OCCHI PUNTATI SU...Prandelli e la "debolezza" dei nervi distesi
Paradossalmente per Cesare Prandelli questo è il momento della stagione più difficile da gestire. C’è un detto popolare che parla di una “vecchia” e di un “bisognino” che la fa trottare e mai come questa volta il paragone ci sembra indicato per fotografare la Fiorentina 2006-2007; la vecchia è evidentemente la squadra viola, incanutita da sofferenze di ogni genere ed ingiustizie perpetrate senza pietà, per di più ricurva sotto il peso di una penalizzazione che a settembre era di – 19 e solo dopo pochi mesi è diventata di -15 (sempre però un fardello considerevole). Il bisognino era l’istinto di sopravvivenza, quell’afflato che la teneva in vita e la spingeva ad andare oltre ogni limite, sicuramente oltre le proprie possibilità; e la Fiorentina ha trottato, trottato, recuperando velocemente tutti gli avversari, guadagnando punti e la stima incondizionata dei propri tifosi, senza mai lamentarsi ma anzi, professando quell’umiltà necessaria per non accorgersi dell’impresa che si andava compiendo.

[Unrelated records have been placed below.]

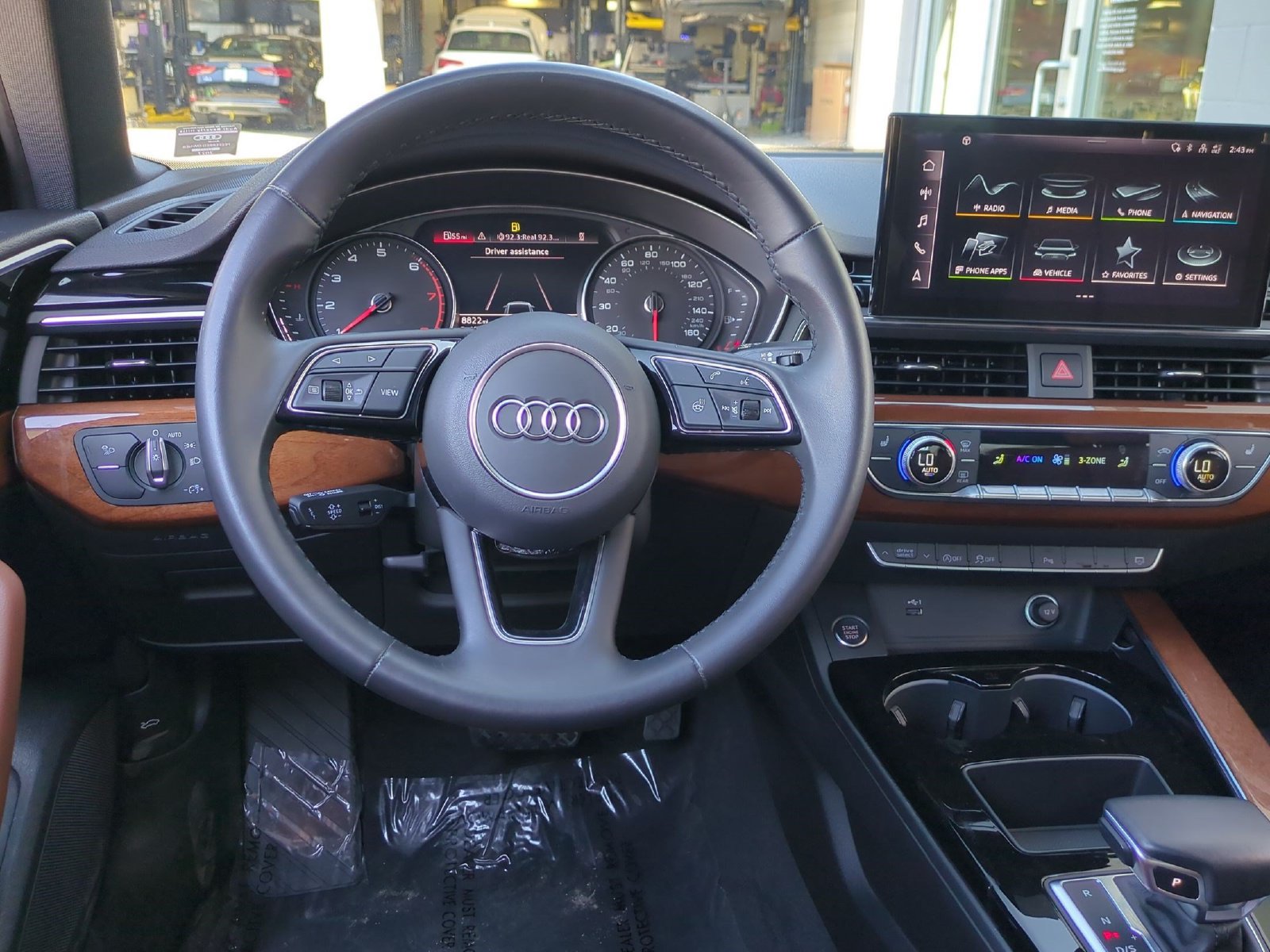 Used 2023 Audi A4 2.0T Premium w/ Convenience Package AWD/4WD image 9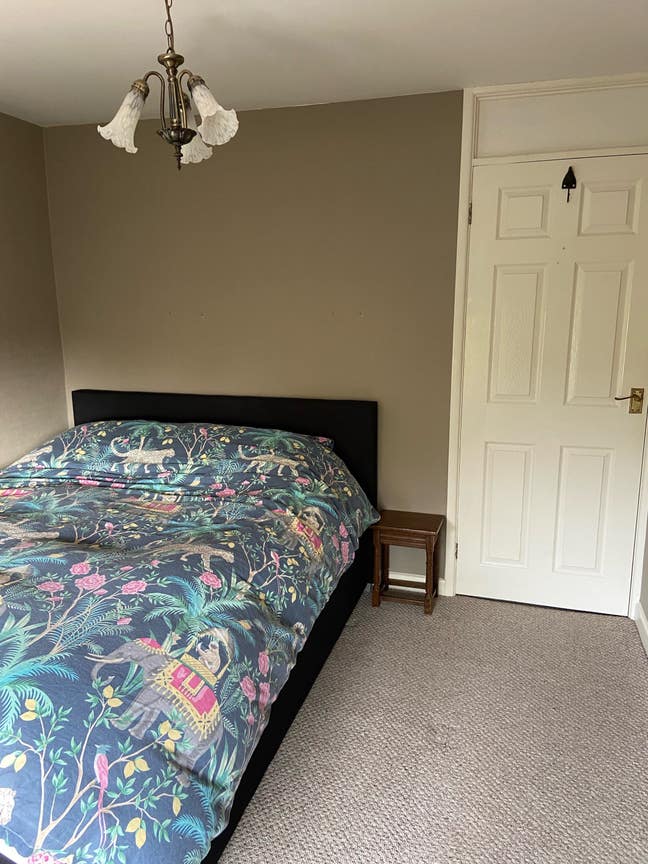 Gorgeous Double Room in the Countryside Main Photo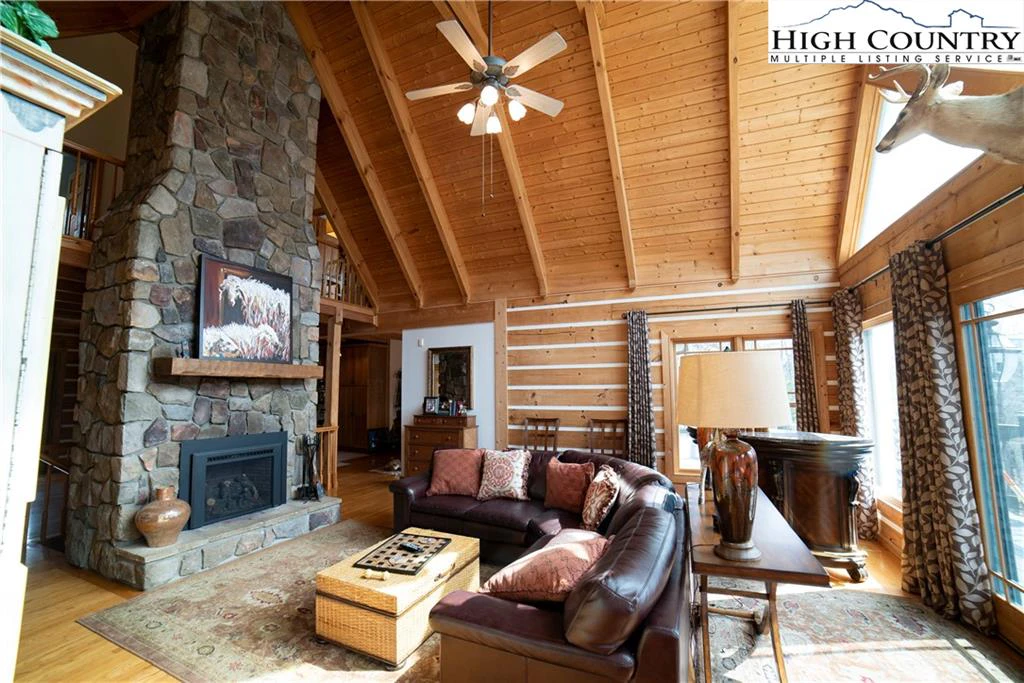 Image number 6 for the current listing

Tutto questo fino a domenica scorsa: contro il Siena la squadra viola ha mostrato la corda, ma ha vinto, soffrendo come non mai sotto un sole impietoso, ma portando a termine il traguardo che tutti le chiedevamo ad inizio stagione…la salvezza. Ebbene si, la Fiorentina da domenica scorsa, vincendo il derby toscano con il Siena è salva matematicamente. Ed ecco che la vecchia, dopo aver tanto trottato, spinta da quel maledetto bisognino, si sente di colpo in diritto di rallentare, se non proprio fermarsi, almeno rilassarsi quello si, per evitare il collasso. Il problema è che mancano ancora sette partite alla fine e la prima di queste, ieri sera a Parma, ci indica chiaramente che i nervi distesi di una squadra che ha raggiunto il proprio traguardo (che adesso sembra minimo ma che in partenza sembrava irraggiungibile) possono trasformarsi in una sottile forma di debolezza e non in un’auspicabile forza invincibile.

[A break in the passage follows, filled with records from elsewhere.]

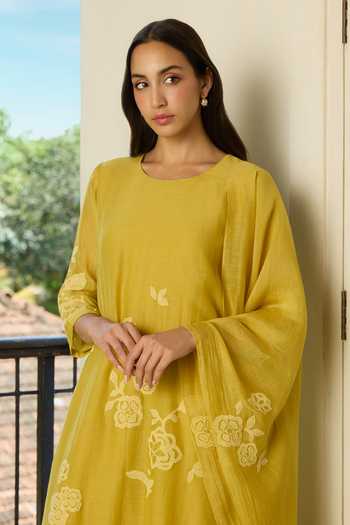 Shop_Vaayu_Yellow Muslin, Cotton Round Neck, Yes Marigold Applique Work Kurta Set _Online_at_Aza_Fashions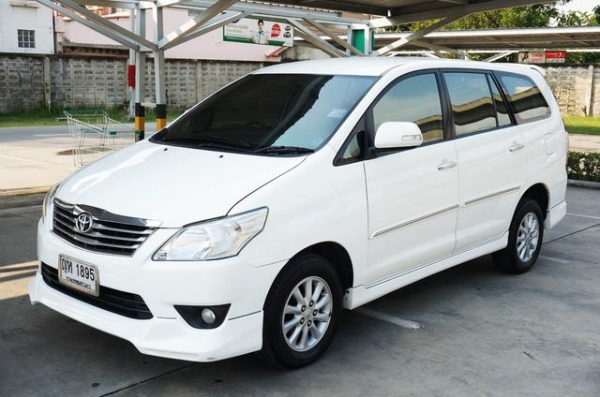 2011 TOYOTA INNOVA 2.0 V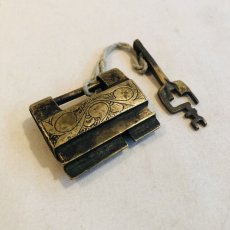 画像1: チベットの鍵と錠前　（Tibetan old padlock key）　アンティーク (1)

A questo punto entra in scena la figura di Prandelli, mister di grande sagacia tattica, umanità invidiabile, che adesso però si deve trasformare in fine psicologo per motivare un gruppo che si trova davanti ancora sei partite da disputare in apnea. Ci duole dirlo ma anche il tecnico di Orzinuovi, al Tardini, ci è sembrato in una certa confusione post-rilassatezza: dapprima l’esperimento Kuzmanovic, gettato nella mischia con appena mezz’ora nelle gambe in un Fiorentina – Torino di qualche mese fa; poi la girandola dei cambi con l’innesto di quattro punte nella speranza (vana) di raddrizzare un risultato ormai compromesso; gran finale poi con le dichiarazioni in sala stampa dove ha candidamente ammesso che la Fiorentina è in debito d’ossigeno, in precarie condizioni fisiche (“siamo in emergenza e contati”…a parte gli infortunati storici Santana e Donadel, il mister ha indicato come precari anche Liverani, Pazienza oltre un Toni chiaramente svuotato e forse mentalmente “distratto” n.d.r), e prostrata da una stagione vissuta con la “forza dei nervi contratti”. E allora il ritiro natalizio di Marbella che doveva dare linfa vitale fino a fine stagione? E una squadra complessivamente giovane che non avrebbe dovuto subire le alte temperature in virtù di una freschezza atletica superiore alla media? E il parco giovani messo a disposizione da Corvino a Prandelli, ricambi “ideali” per far riposare i titolari evidentemente spossati da una stagione massacrante?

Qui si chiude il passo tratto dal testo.